NIPS 2018
Sun Dec 2nd through Sat the 8th, 2018 at Palais des Congrès de Montréal
Reviewer 1
This paper presents the predictive coding network (PCN), a convolutional architecture with local recurrent and feedback connections. Higher layers provide top-down predictions while the lower layers provide the prediction errors, which are refined over time by the local recurrence. This idea is not new, other work (such as that of Lotter et al. and others) have used this for other tasks, such as video prediction and object recognition, though this has yet to be shown to scale to larger scale tasks such as ImageNet. The authors compare the performance of PCN, with varying number of cycles of recurrent processing, to standard CNN architectures on multiple image datasets. In general, PCN has slightly lower error than standard architectures with a comparable number of parameters. However, while PCN also generally outperforms their plain model, the plain model always has significantly fewer parameters. It would be beneficial for to include a more in-depth analysis on the effects of the local recurrence and feedback, individually and combined, while controlling for the number of parameters. For instance, in Table 4, the base model has 9.34 million parameters and the PCN has 17.26 million parameters. The correct parameter controlled comparison would actually be between two PCNs but unrolled for fewer timesteps, to get at the question of whether the multi-interaction recurrence is meaningfully deepening the network in time. In fact, the ImageNet top1 performance difference between PCN-E-5 and PCN-E-3 (which share the same number of parameters) does not appear to be significant. Instead, the right comparison to be made explicit in Table 4 should be the distinction in validation error between timesteps 1 and 2 (or all other timesteps > 1) in the rightmost plot (for ImageNet) – the same comparisons should be made in Tables 2 and 3 as well. In general, clarity could also be improved, especially in the model section. Overall, the authors demonstrate improvements on standard image classification datasets using a predictive coding framework.
Reviewer 2
ANN have been extremely simplified with respect to biological networks. This paper makes a good step toward testing more ideas from biology. It is a strong paper as is. I would love to see the authors extend the bio-inspired to the connectivity between layers. Not a set 3x3 convolution rather a wider and stochastic set of connections whose weights are then learned. Thinking about this further it is not clear to me how your skip connection works. As one recurrent pair ping pong back and forth up to four times what is happening to the by pass? Does it wait for the recurrent layers to advance one step before it advances one step? Regardless of the bypass details your network can be viewed as an ensemble of networks side by side where all receive the primary input and the recurrent processed data step from left to right across the networks. A question I have is why no funneling down of the bypass information is an exact copy of the input the best?
Reviewer 3
Summary: This paper proposes a method for object recognition based on the predictive coding principle from neuroscience.

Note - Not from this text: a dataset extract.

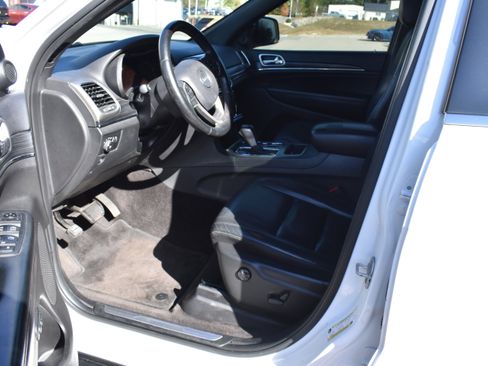 Used 2019 Jeep Grand Cherokee Limited image 12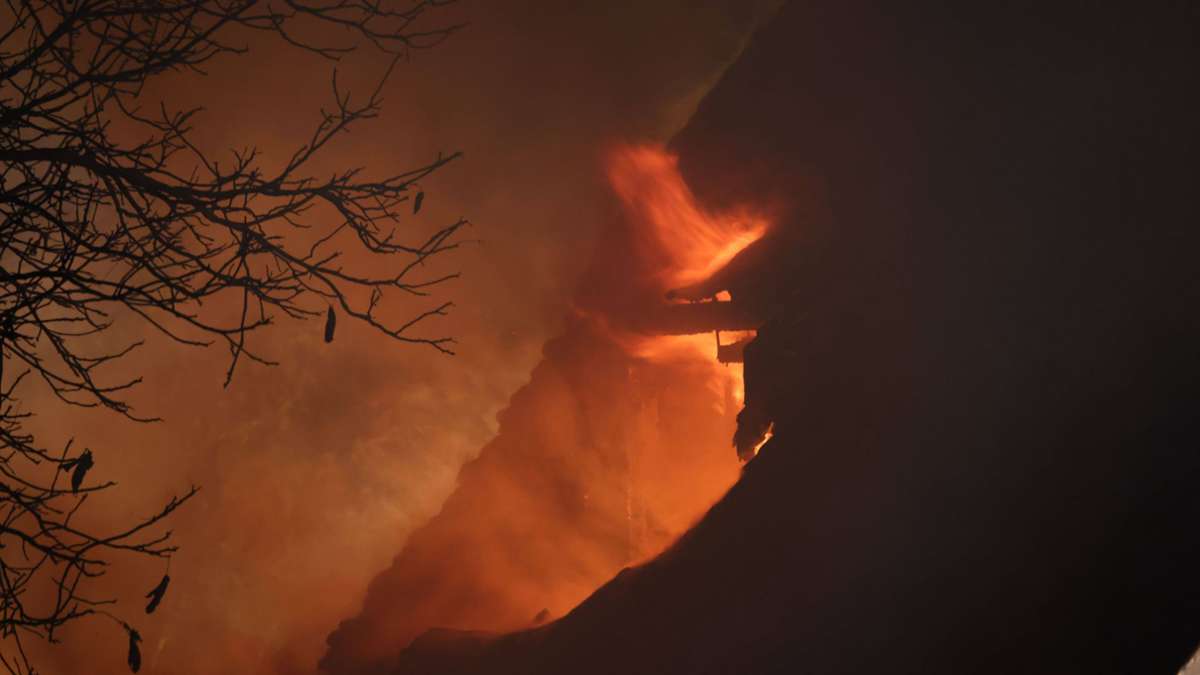 Glück im Unglück: Feuer zerstörte alles: Rosalie (25) verlor ihr Zuhause – dann geschah das Wunder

They use a recurrent neural network (RNN) in each layer computation of a convolutional neural network (CNN). The RNNs performs bottom-up and top-down inference of the features at each layer to minimize layer-wise prediction errors. In experiments, they authors show competitive performance against state-of-the-art recognition methods, and also outperform a baseline based on global predictive coding rather than the local predictive coding approach used here. Additionally, experiments showing analysis of the recurrent cycles within each layer in relation to classification performance. Pros: Novel local predictive coding based architecture/formulation that improves previous predictive coding based methods Competitive performance in relation to the state-of-the-art recognition models with less parameters. Interesting analysis of the recurrent cycles within the network Comments: Fewer number of layers argument: Throughout the paper the number of layers is used as argument to highlight the advantage of the proposed method. However, doesn’t the fact that there are RNNs within each layer implicitly add up to the number of layer within the total computation graph? When RNNs are being unrolled through time, we are technically unrolling multi-layer network with inputs at each layer and special gates to move into the next layer of computation. Can the authors give their insight on this? Similar number of parameters comparison with baselines: In the comparison tables with the state-of-the-art, it would be nice to have comparisons with the same number of parameters. Either reduce the baselines number of parameters or (if possible) increase the number of parameters of the proposed method. Clarity: In figure 1b, it would be nice if the authors can make it clear that the arrows between the light-gray boxes means the feature is being sent to the next computation block (if I am not mistaken) (e.g., r_l^{T-1} -> r_l^{T-1}). Overall, I like this paper, however, it would be nice if the authors can address the issues brought up by the reviewer. The use of predictive coding for layers to converge to optimal features to improve the recognition task is attractive.